ACTIVITY: Copy each line of the listing that includes "Waterproof".

****************************************

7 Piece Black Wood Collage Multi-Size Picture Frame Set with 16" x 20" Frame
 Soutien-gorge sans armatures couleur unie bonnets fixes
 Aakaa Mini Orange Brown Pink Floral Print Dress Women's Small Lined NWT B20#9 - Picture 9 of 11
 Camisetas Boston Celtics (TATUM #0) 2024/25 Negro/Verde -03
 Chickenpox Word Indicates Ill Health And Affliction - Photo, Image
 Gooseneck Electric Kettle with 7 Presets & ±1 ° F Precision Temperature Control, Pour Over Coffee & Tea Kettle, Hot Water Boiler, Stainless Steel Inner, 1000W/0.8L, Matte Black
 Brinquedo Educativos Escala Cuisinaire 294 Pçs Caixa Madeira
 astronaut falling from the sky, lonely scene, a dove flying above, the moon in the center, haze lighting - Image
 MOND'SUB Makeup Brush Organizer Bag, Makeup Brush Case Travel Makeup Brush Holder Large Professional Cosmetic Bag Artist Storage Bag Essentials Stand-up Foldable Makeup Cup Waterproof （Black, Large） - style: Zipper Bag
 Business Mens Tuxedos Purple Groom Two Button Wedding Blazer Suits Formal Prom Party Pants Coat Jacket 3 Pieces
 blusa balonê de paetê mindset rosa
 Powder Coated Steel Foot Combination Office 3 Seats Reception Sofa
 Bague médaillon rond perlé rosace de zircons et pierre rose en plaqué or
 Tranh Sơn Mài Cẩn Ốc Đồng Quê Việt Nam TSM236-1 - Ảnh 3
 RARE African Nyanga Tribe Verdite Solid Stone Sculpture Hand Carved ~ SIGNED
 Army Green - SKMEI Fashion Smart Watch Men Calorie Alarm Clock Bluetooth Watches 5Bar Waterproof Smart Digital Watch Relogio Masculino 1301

****************************************

SOLUTION TO THE PROBLEM:
 MOND'SUB Makeup Brush Organizer Bag, Makeup Brush Case Travel Makeup Brush Holder Large Professional Cosmetic Bag Artist Storage Bag Essentials Stand-up Foldable Makeup Cup Waterproof （Black, Large） - style: Zipper Bag
 Army Green - SKMEI Fashion Smart Watch Men Calorie Alarm Clock Bluetooth Watches 5Bar Waterproof Smart Digital Watch Relogio Masculino 1301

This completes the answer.